# Prompt:
Return the records exactly, keeping every line as it is.

# Records shown:

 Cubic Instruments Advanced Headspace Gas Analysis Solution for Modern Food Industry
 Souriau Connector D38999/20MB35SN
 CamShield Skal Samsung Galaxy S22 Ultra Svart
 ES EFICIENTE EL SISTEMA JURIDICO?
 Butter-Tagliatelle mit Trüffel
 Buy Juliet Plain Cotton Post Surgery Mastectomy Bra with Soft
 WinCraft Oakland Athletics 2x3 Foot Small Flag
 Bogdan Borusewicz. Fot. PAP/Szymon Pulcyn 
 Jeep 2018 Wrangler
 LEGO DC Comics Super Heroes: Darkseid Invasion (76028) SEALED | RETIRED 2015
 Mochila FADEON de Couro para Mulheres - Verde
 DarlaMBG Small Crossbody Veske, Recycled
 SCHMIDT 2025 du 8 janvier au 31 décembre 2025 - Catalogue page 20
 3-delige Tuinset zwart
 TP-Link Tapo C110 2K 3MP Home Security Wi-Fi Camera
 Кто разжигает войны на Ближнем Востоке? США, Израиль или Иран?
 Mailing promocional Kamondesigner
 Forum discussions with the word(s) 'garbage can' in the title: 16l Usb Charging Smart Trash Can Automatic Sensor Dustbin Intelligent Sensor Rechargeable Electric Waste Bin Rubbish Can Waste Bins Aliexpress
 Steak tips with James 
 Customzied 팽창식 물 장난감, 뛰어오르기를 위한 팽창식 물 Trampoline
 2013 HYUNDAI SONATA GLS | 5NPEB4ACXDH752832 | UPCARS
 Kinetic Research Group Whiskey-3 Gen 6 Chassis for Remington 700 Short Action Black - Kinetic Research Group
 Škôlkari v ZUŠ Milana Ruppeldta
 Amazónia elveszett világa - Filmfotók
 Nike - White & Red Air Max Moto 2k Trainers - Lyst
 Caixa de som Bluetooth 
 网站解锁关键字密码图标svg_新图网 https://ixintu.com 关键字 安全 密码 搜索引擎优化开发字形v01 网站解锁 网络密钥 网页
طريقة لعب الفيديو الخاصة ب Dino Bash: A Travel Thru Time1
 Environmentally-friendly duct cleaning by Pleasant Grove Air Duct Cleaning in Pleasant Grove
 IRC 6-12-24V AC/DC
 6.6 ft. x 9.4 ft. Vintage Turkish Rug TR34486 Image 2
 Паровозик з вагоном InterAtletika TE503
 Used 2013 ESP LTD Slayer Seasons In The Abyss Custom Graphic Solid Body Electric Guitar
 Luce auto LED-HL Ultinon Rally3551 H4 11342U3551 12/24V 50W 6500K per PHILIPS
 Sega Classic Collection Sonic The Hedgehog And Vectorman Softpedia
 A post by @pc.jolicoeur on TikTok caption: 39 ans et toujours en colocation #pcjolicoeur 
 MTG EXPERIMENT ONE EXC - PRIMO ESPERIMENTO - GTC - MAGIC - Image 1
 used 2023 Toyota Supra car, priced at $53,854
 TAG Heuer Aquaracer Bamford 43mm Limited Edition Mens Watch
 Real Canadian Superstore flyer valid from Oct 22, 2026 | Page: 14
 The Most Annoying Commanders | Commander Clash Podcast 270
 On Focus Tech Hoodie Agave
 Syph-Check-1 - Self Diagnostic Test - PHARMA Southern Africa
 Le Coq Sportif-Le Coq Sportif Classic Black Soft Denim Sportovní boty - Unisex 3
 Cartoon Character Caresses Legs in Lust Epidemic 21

# Response for this exercise:
 Cubic Instruments Advanced Headspace Gas Analysis Solution for Modern Food Industry
 Souriau Connector D38999/20MB35SN
 CamShield Skal Samsung Galaxy S22 Ultra Svart
 ES EFICIENTE EL SISTEMA JURIDICO?
 Butter-Tagliatelle mit Trüffel
 Buy Juliet Plain Cotton Post Surgery Mastectomy Bra with Soft
 WinCraft Oakland Athletics 2x3 Foot Small Flag
 Bogdan Borusewicz. Fot. PAP/Szymon Pulcyn 
 Jeep 2018 Wrangler
 LEGO DC Comics Super Heroes: Darkseid Invasion (76028) SEALED | RETIRED 2015
 Mochila FADEON de Couro para Mulheres - Verde
 DarlaMBG Small Crossbody Veske, Recycled
 SCHMIDT 2025 du 8 janvier au 31 décembre 2025 - Catalogue page 20
 3-delige Tuinset zwart
 TP-Link Tapo C110 2K 3MP Home Security Wi-Fi Camera
 Кто разжигает войны на Ближнем Востоке? США, Израиль или Иран?
 Mailing promocional Kamondesigner
 Forum discussions with the word(s) 'garbage can' in the title: 16l Usb Charging Smart Trash Can Automatic Sensor Dustbin Intelligent Sensor Rechargeable Electric Waste Bin Rubbish Can Waste Bins Aliexpress
 Steak tips with James 
 Customzied 팽창식 물 장난감, 뛰어오르기를 위한 팽창식 물 Trampoline
 2013 HYUNDAI SONATA GLS | 5NPEB4ACXDH752832 | UPCARS
 Kinetic Research Group Whiskey-3 Gen 6 Chassis for Remington 700 Short Action Black - Kinetic Research Group
 Škôlkari v ZUŠ Milana Ruppeldta
 Amazónia elveszett világa - Filmfotók
 Nike - White & Red Air Max Moto 2k Trainers - Lyst
 Caixa de som Bluetooth 
 网站解锁关键字密码图标svg_新图网 https://ixintu.com 关键字 安全 密码 搜索引擎优化开发字形v01 网站解锁 网络密钥 网页
طريقة لعب الفيديو الخاصة ب Dino Bash: A Travel Thru Time1
 Environmentally-friendly duct cleaning by Pleasant Grove Air Duct Cleaning in Pleasant Grove
 IRC 6-12-24V AC/DC
 6.6 ft. x 9.4 ft. Vintage Turkish Rug TR34486 Image 2
 Паровозик з вагоном InterAtletika TE503
 Used 2013 ESP LTD Slayer Seasons In The Abyss Custom Graphic Solid Body Electric Guitar
 Luce auto LED-HL Ultinon Rally3551 H4 11342U3551 12/24V 50W 6500K per PHILIPS
 Sega Classic Collection Sonic The Hedgehog And Vectorman Softpedia
 A post by @pc.jolicoeur on TikTok caption: 39 ans et toujours en colocation #pcjolicoeur 
 MTG EXPERIMENT ONE EXC - PRIMO ESPERIMENTO - GTC - MAGIC - Image 1
 used 2023 Toyota Supra car, priced at $53,854
 TAG Heuer Aquaracer Bamford 43mm Limited Edition Mens Watch
 Real Canadian Superstore flyer valid from Oct 22, 2026 | Page: 14
 The Most Annoying Commanders | Commander Clash Podcast 270
 On Focus Tech Hoodie Agave
 Syph-Check-1 - Self Diagnostic Test - PHARMA Southern Africa
 Le Coq Sportif-Le Coq Sportif Classic Black Soft Denim Sportovní boty - Unisex 3
 Cartoon Character Caresses Legs in Lust Epidemic 21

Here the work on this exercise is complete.